Sir Tessa talks about her trip to Tibet in the context of a Tintin comic book; oddly enough, I too wanted to visit Tibet after reading that comic as a kid. I didn't know that the Dalai Lama had given Tintin an award.
Being more of an Asterix girl myself, this is the only Tintin comic I own. It's well-thumbed and falling apart. I loved this comic so much that in Grade 4 I wrote and illustrated a 31 page EPIC which was plagiarism as only children can get away with. This comic is why I have been determined to visit Tibet for the better part of my life.
Catherynne M. Valente has been blogging up a storm, including a very funny yet honest post about editing and another one about SF poetry.

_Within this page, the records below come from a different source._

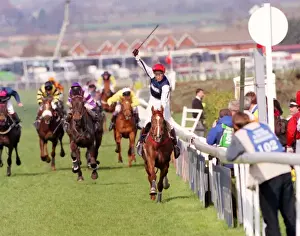 Jason Titley on Royal Athlete wins the 1995 Grand National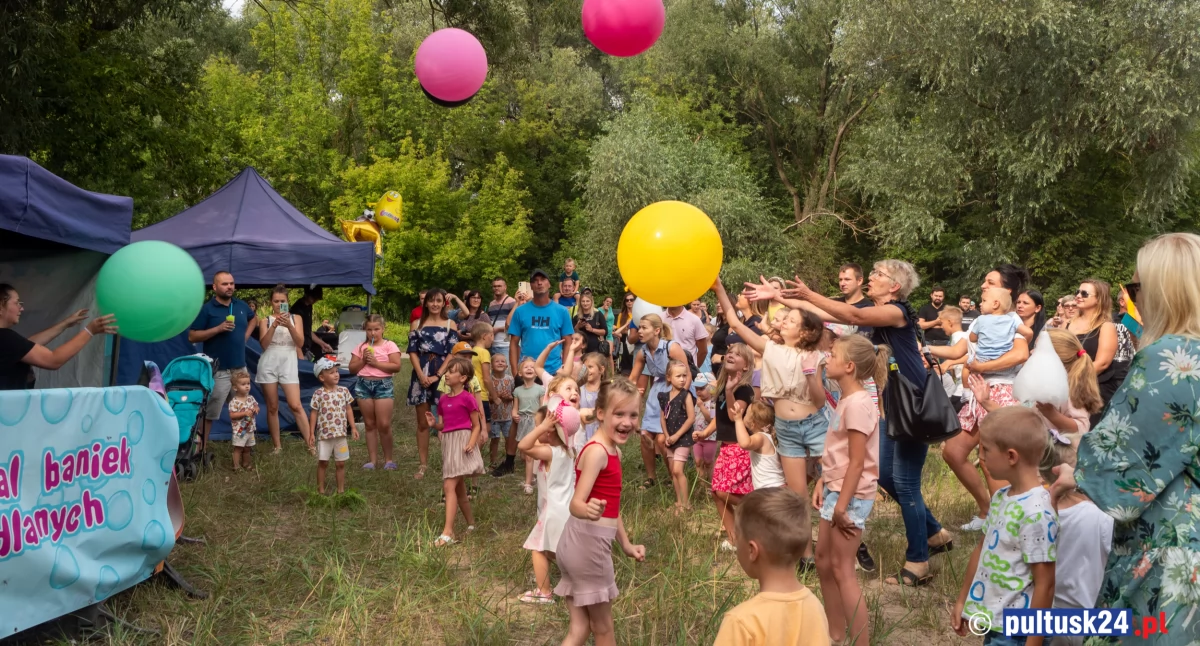 Festiwal balonów i baniek mydlanych na pułtuskiej plaży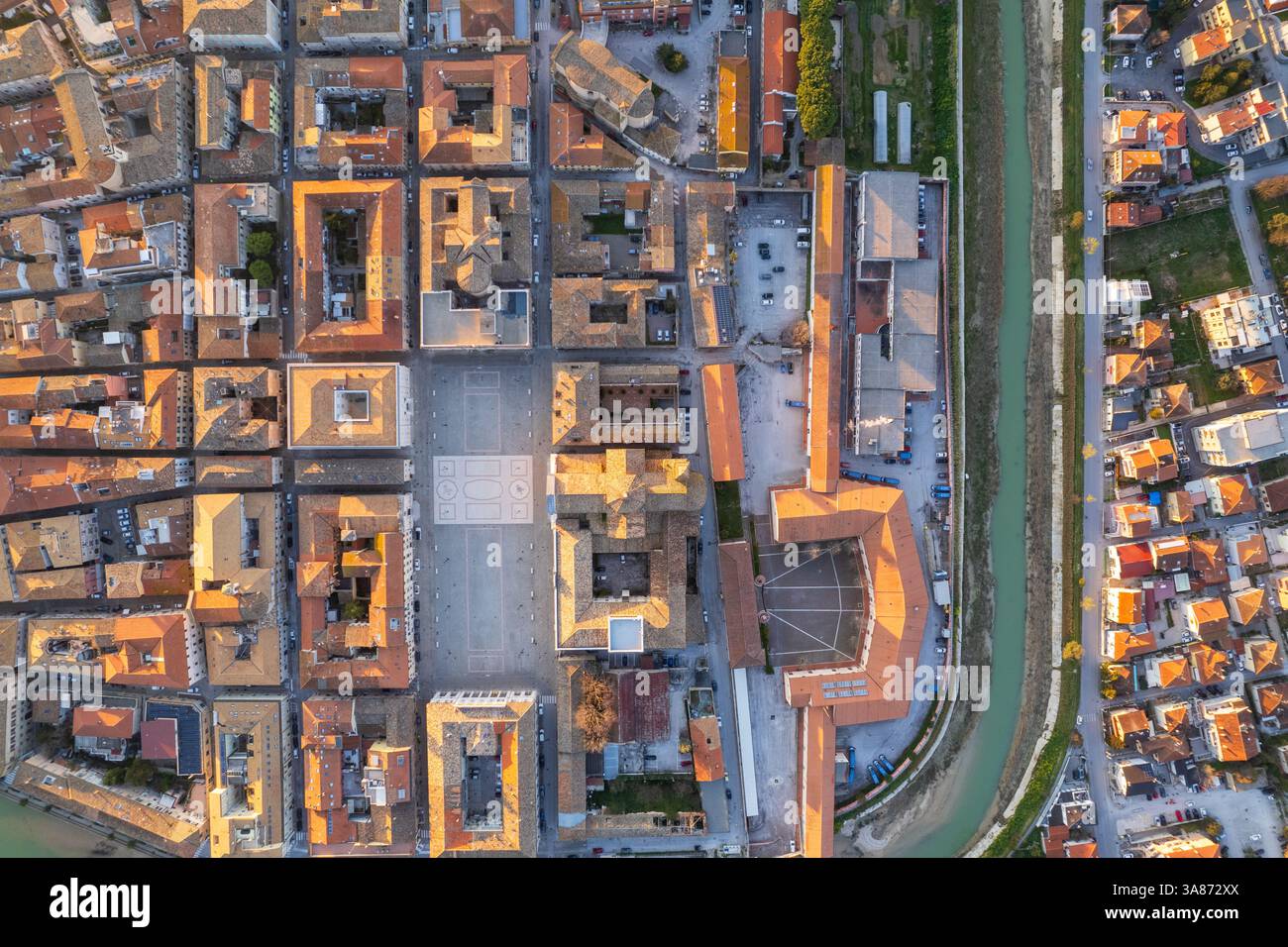 Veduta aerea della città italiana Senigallia Foto Stock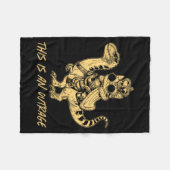 This Is An Outrage Funny Princess Cat Riding Dinos Fleecedecke (Vorderseite (Horizontal))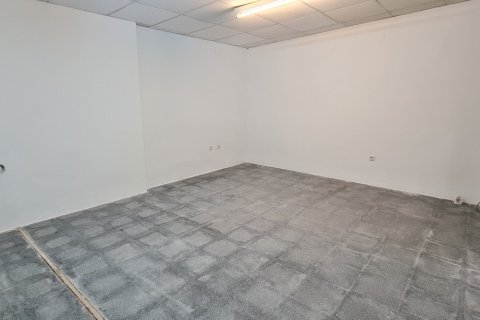 85 m² commercial property à louer à El Masnou, Barcelona, Catalonia, Spain № 5118 - photo 7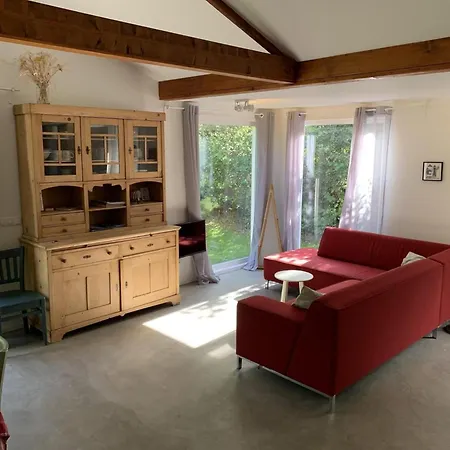 Ferienhaus Renovated With Garden For Families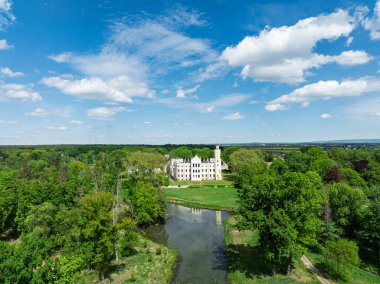 Dobra 'daki Sarayın ve Park Kompleksinin insansız hava aracı görüntüsü, Dobra köyünün Krapkowice ilçesinde Opole Voyvoda bulunan bir parkla çevrili neogotik bir saray. İlkbaharda Dobra Sarayı.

Dudes, a short story is not that long. You do not have 50 pages to hook a reader (you don't, really, in a novel either, but that's another post), you cannot lazily dick around for a page and a half before being all CHECK IT OUT GHOSTPIGS. Because no one ever made it to the GHOSTPIGS, who were buried under: "Robert walked down the street. The sky was cloudy. All the houses were brown. He thought about work."
Hal Duncan talks about Last Airbender in the context of cultural appropriation--or, rather, thinks the discussion should be framed another way (using as a jumping off point a piece on Genreville that had me feeling somewhat ill-used a few months ago):
I want to explore just how representation and figuration can go wrong, ethically speaking, in a number of different ways, with my core contention being that there are very different problems involved, which should not be conflated...Ultimately I’m most interested in what I see as the real problem at the heart of the matter — the process of abjection, of making something (or someone,) abject. Wherever concerns about racebending or lifestyle theft are dismissed, it is most often, I’d say, rooted in a blindness to this process; and that’s what I’m really interested in tackling here.
Finally, Liz Williams is doing a paypal-donate short story sale to offset Night Shade not giving her a royalty statement/monies.